### What is expected
Look below for the line containing "Vintage Argus C-3"; from there through the line containing "TV a/nebo společenská", both lines included, please set down each line exactly and nothing else.
*** Data to use Section Begins ***
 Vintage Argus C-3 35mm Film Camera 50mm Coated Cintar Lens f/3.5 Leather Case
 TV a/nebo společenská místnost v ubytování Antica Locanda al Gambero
*** Data to use Section Ends ***
*** Data to use Section Begins ***
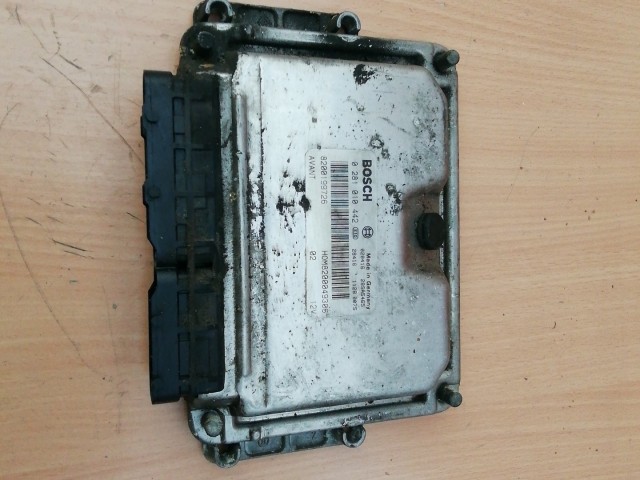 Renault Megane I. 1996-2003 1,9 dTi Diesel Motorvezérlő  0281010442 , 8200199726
*** Data to use Section Ends ***
*** Data to use Section Begins ***
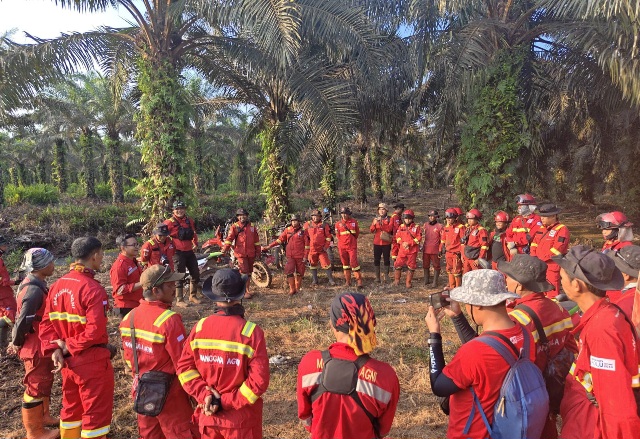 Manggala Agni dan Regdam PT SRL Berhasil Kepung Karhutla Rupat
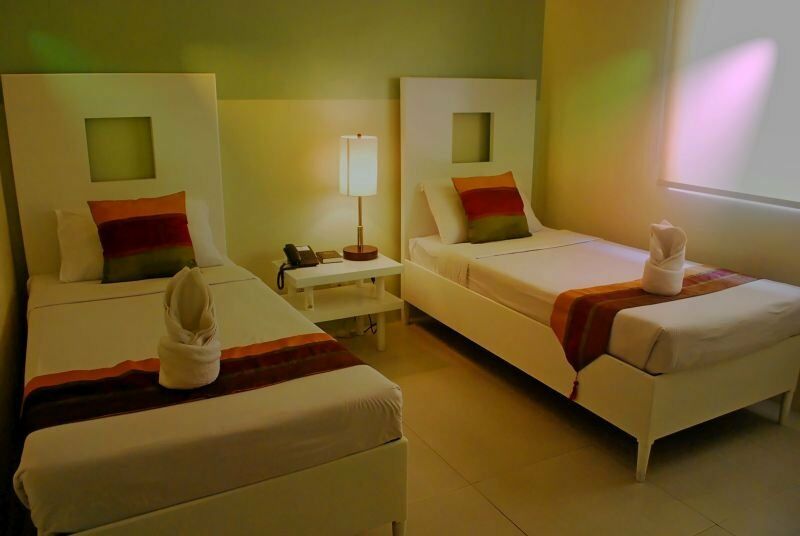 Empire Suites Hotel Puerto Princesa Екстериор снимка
*** Data to use Section Ends ***
### Exercise solution
 Vintage Argus C-3 35mm Film Camera 50mm Coated Cintar Lens f/3.5 Leather Case
 TV a/nebo společenská místnost v ubytování Antica Locanda al Gambero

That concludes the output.